The village of Lake Placid experienced a reduction in its total assessed value for 2011, making this the third consecutive year of declines.
Lake Placid Mayor Craig Randall says that makes it much more challenging to manage local government expenses.
"The board worked hard to keep expenses down to avoid increasing the tax rate, but certain expenses such as contracts and mandates must be funded," Randall said in an email sent to WNBZ recently.
Randall points out that 65 percent of the village's general budget involves contractual commitments and mandated costs that cannot be changed in the near term.

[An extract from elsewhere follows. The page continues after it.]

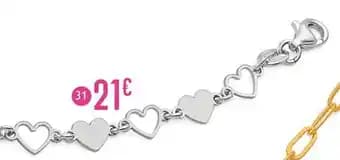 bracelet en argent rhodié, 16 cm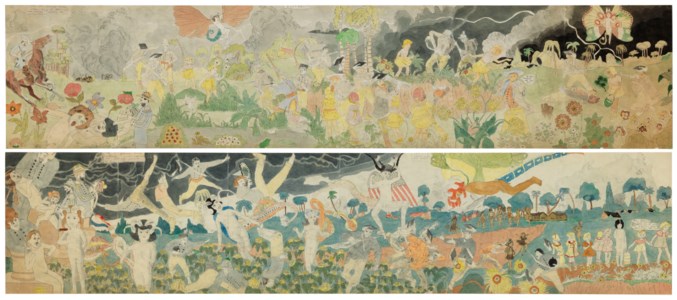 Henry Darger, 148 At Jennie Richee During fury of storm are unsuccessfully attached [sic] by Glandelinians / 149 At Jennie Richee narrowly escape capture but Blengins come to rescue, double sided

"Therefore, with these expenses and falling assessed valuations, it increases taxes," Randall said.
During the 10 years prior to 2008, taxable assessed valuations for Lake Placid increased by nearly three times, from $214 million in 1999 to a high of $630 million in 2008.
During those years, Mayor Craig Randall says property tax rates dropped by more than 50 percent, from $10.80 for every $1,000 of assessed value to $5.18 for every $1,000 of assessed value.
But those days are over for a while, according to Randall.
As the collapse of the real estate market rippled across the country, homes in Lake Placid began selling for less money, and by 2009 assessed values began to decrease.
Since the high in 2008, the village's total assessed value dropped roughly $15 million. During that time period, the tax rate increased by about 15 cents per $1,000 of assessed value.
The village board of trustees voted last week to approve its first tax rate hike in decades, a 1.3 percent increase over the current budget. And since assessments dropped again this year, the tax increase will add just $42,000 to the village's projected tax levy of $615 million.
Randall says the village would have had a zero percent tax increase if the assessments hadn't declined.
A public hearing on the village's proposed budget will be held at 5:30 p.m. Monday.